Baba Mastnath University
- Other name: BMU
- Type: Private
- Established: 10 February 2012
- Academic affiliations: UGC
- Chancellor: Mahant Balaknath
- Vice-Chancellor: B. M. Yadav
- Students: 10000
- Location: Rohtak, Haryana, 121021, India 28°52′30″N 76°38′41″E﻿ / ﻿28.8749°N 76.6446°E
- Campus: Rural;
- Website: bmu.ac.in

= Baba Mastnath University =

Private university in Haryana, India

Baba Mastnath University is an Indian university located in Rohtak. It is a private self financing university. BMU is situated in Rohtak on the Delhi-Rohtak NH-10 highway.
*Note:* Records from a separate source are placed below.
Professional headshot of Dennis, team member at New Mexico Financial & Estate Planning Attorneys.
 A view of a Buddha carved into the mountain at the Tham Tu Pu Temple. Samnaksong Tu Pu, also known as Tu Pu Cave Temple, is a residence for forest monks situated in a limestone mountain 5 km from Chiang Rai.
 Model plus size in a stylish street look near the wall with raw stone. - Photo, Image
It is also part of the Association of Indian Universities.

== Faculties at BMU ==

1. Faculty of Ayurveda
2. Faculty of Physiotherapy
3. Faculty of Nursing
4. Faculty of Sciences
5. Faculty of Pharmacy
6. Faculty of Humanities
7. Faculty of Commerce & Management
8. Faculty of Law
9. Faculty of Engineering

==Academics==
BMU offers under graduate, post graduate and doctoral programmes for the following: Ayurveda (B.A.M.S), Physiotherapy, Nursing, Sciences, Pharmacy, Humanities, Management & Commerce, Law, Naturopathy & Yogic Sciences, Engineering, Education, Mass Media, Computer Sciences. Social Work, Medical and Para-Medical, Pharmacy, Life and Basic Sciences. The university also offers this for languages such as Hindi, Sanskrit and English.

===Accreditation===
Baba Mastnath University is a UGC approved University. It has been established and set up under the Haryana Private Universities Act, 2006.